At Cautio, we are building secure, scalable, and reliable cloud-native solutions that empower businesses to grow confidently. As a Bangalore-based startup, we thrive on solving complex challenges, moving fast, and working collaboratively.

We are looking for a DevOps / Site Reliability Engineer (SRE) who can take ownership of our cloud infrastructure and bring expertise in building highly reliable systems following SRE best practices.

Key Responsibilities :

- Design, build, and maintain Infrastructure as Code (IaC) using Terraform for consistent and scalable environments.

- Develop, monitor, and improve AWS-based infrastructure including API Gateway, ECS, EC2, S3, RDS, and Event

Bridge.

- Create and manage robust CI/CD pipelines for seamless application deployment and rollbacks.

- Implement and manage containerized workloads with Docker and orchestrate them using Kubernetes (basic to intermediate level).

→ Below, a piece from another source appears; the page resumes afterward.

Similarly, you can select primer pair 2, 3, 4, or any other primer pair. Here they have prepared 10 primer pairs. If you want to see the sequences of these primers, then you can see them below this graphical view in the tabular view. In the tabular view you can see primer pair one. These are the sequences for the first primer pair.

- Apply SRE best practices : Define and measure SLIs, SLOs, and error budgets; set up monitoring, logging, and

alerting; drive incident response and postmortems; automate operational tasks.

- Work with development teams to enable high availability, scalability, and security for applications.

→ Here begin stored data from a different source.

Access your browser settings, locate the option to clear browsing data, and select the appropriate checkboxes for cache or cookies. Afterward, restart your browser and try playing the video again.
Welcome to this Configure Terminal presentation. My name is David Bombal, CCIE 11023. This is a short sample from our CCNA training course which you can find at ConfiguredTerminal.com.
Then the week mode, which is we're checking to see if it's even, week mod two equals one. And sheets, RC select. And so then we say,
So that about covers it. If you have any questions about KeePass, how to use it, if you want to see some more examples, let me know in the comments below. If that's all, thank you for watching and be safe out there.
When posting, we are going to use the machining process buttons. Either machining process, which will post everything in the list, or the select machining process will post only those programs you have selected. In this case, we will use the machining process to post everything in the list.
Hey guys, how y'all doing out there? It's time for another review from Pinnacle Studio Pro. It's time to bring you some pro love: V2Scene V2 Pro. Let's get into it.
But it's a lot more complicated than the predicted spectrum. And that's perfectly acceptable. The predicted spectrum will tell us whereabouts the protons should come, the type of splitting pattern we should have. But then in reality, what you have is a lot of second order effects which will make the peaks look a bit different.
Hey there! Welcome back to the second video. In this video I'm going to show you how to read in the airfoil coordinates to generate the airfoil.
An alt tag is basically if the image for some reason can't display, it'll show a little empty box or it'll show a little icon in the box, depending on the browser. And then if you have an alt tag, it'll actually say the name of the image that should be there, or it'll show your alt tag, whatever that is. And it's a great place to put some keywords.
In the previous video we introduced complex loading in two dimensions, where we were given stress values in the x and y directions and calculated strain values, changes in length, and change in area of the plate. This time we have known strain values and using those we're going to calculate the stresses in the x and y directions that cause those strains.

- Apply strong Linux administration and networking knowledge to troubleshoot and optimize systems.

- Continuously analyze system performance and recommend improvements to ensure optimal performance and cost efficiency.

Required Skills & Experience :

- 2-4 years of hands-on experience in DevOps and cloud infrastructure roles.

- Proficiency in Terraform for infrastructure provisioning.

- Strong expertise with AWS services (API Gateway, ECS, EC2, S3, RDS, EventBridge).

- Experience implementing and maintaining CI/CD pipelines (Jenkins, GitHub Actions, GitLab CI/CD, etc.).

- Good understanding of Linux systems and networking fundamentals (TCP/IP, DNS, VPNs).

- Hands-on with Docker and Kubernetes (basic/intermediate level) for container orchestration.

- Practical knowledge of SRE principles : SLIs/SLOs, error budgets, reliability engineering, incident management.

- Excellent debugging, troubleshooting, and problem-solving skills.

- Self-starter with the ability to take ownership and work in a dynamic, fast-paced environment.

- Mandatory : Must be willing to work onsite at our Bangalore office.

Nice-to-Have (Good to Bring, Not Mandatory) :

- Experience with observability tools (Prometheus, Grafana, Datadog, ELK).

- Knowledge of DevSecOps practices for integrating security into CI/CD and infrastructure.

- Scripting experience in Python or Shell for automation.

- Exposure to designing high availability and disaster recovery strategies.

This is a hands-on role where youll have the opportunity to directly influence how infrastructure and reliability are built for scale in a startup environment.